6. THE DOCTORS’ SPECIAL RUM - This ad, by M.D. Daly & Sons, affirms that their rum is "Prescribed by the Medical Profession." There is an excellent depiction of a gentleman with long, white whiskers holding a rum bottle in one hand and a shot glass in the other. There are also a couple of beakers and a funnel on the table in front of him, to assure consumers that he’s really a doctor, not just some old bewhiskered drunk who wandered in off the street.

7. DR. WILLIAMS’ PINK PILLS FOR PALE PEOPLE - These pills, which were pink, apparently helped pale people become less so. Less pale, that is.
8. DRI-POO - This one, from the 1920s, promoted "The New Way to Fluff and Clean the Hair." The name may explain why the product is no longer on the shelves.


Here are some products not mentioned in Ms. Parker’s book:


9. HEIDELBERG ALTERNATING CURRENT ELECTRIC BELT - These were sold by Sears & Roebuck and other retailers about 100 years ago. The ad I read advertised the product "for nervous diseases of all kinds." Some of the nervous diseases mentioned included lost strength and power, impotency, rheumatism, sciatica, lame back, railroad back, insomnia, melancholia, Bright’s disease, disorders of the liver, female weakness, weak heart action, dyspepsia, and "almost every known disease and weakness."

10. THORAZINE - Smith Kline and French Laboratories advertised this powerful anti-psychotic drug "for prompt control of SENILE AGITATION." The ad carries a photo of an agitated elderly gentleman waving his cane at a fly.
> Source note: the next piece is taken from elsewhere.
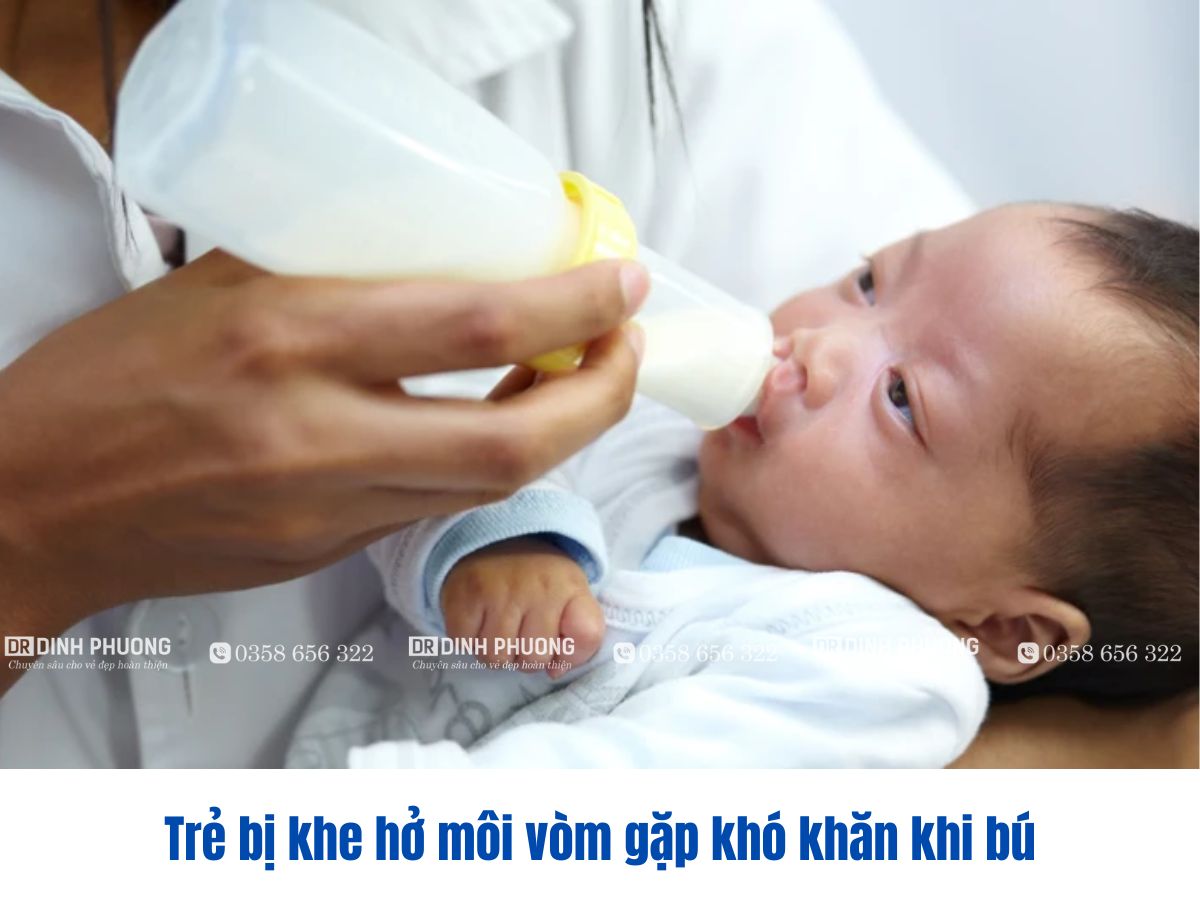 Trẻ bị khe hở môi vòm gặp khó khăn khi bú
It is unclear whether he’s already been given his Thorazine.

11. BENTYL - This product was offered by the good people at Merrell, who guaranteed "No Belladonna Backfire." We’re not sure about the Belladonna part, but we are familiar with the backfire problem.
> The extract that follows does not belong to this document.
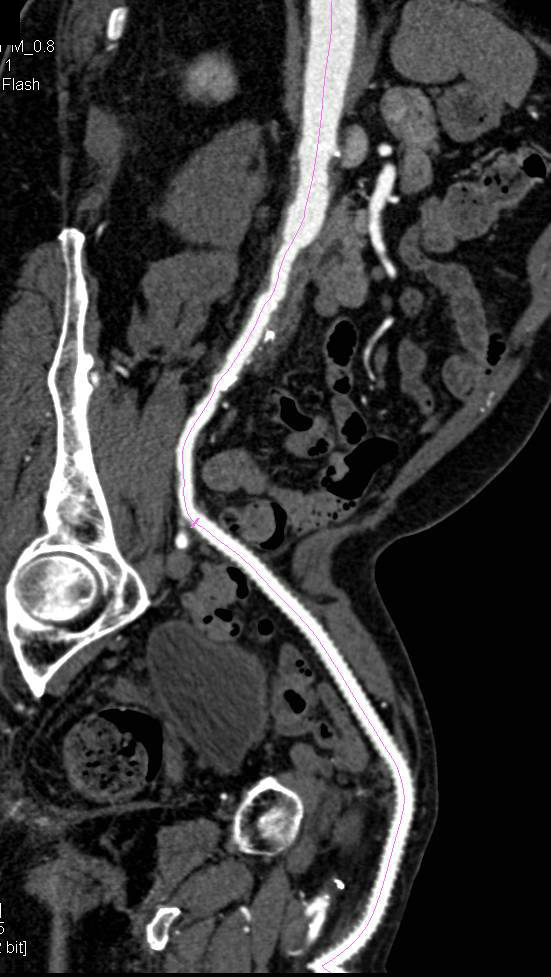 Vessel Tracking of a Fem-Fem Bypass Patency - CTisus CT Scan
So when you find your ears bleeding from those excruciatingly annoying Head On commercials, and when you grow dizzy watching those octogenarians spinning around on their Hoveround Power Chairs, take heart. Ads treating consumers like morons are nothing new. And when you’re convinced that if you hear Billy Mays screaming about his stupid Awesome Auger, Mighty Putty, or Mighty Mend-It just one more time, your head will explode, simply take a pill. Or you could find yourself a large funnel and take the prescribed dose of whatever special rum your doctor recommends. Hey, make it a double.